Обратим внимание: идею оживленно обсуждают люди свободных профессий, в крайнем случае директора школ, мнением которых поинтересовались журналисты. Голоса же главных заинтересованных лиц, учителей литературы, пока не слышны. Им тоже не до того — то ли электронные журналы заполнять надо, то ли портфолио собирать. От этого, а не от каких-то там хороших уроков и списков чтения сегодня в значительной степени зависит их зарплата.
Два десятилетия школьных (как и вузовских) реформ прошли в борьбе специалистов с «экспертами». Понятно, кто побеждал в этом неравном состязании. Школу обычно ломали через колено, практиков ставили перед свершившимся фактом.

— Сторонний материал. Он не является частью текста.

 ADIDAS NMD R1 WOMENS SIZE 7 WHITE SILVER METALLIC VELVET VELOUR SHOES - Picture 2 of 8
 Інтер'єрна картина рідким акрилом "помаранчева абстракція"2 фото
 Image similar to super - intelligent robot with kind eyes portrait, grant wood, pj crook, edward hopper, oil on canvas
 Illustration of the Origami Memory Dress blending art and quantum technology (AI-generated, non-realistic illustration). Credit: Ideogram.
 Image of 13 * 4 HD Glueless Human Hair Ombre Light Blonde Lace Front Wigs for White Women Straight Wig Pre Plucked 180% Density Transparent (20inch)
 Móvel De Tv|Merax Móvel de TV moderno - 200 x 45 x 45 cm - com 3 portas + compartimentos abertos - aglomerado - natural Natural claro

Можно, конечно, отбуцкать главу футбольного союза Сергея Фурсенко, чтобы тот урезонил брательника, министра образования Андрея Фурсенко в его реформистском энтузиазме (что совсем недавно предложил сам премьер-министр), но никаких проблем это не решит.
Политики создают условия, а решать проблемы должны специалисты. Хорошо, что возник и такой повод для разговора о судьбе национальной словесности, но, боюсь, он, этот разговор, будет скомкан через неделю, когда появится очередная программная статья кандидата в президенты.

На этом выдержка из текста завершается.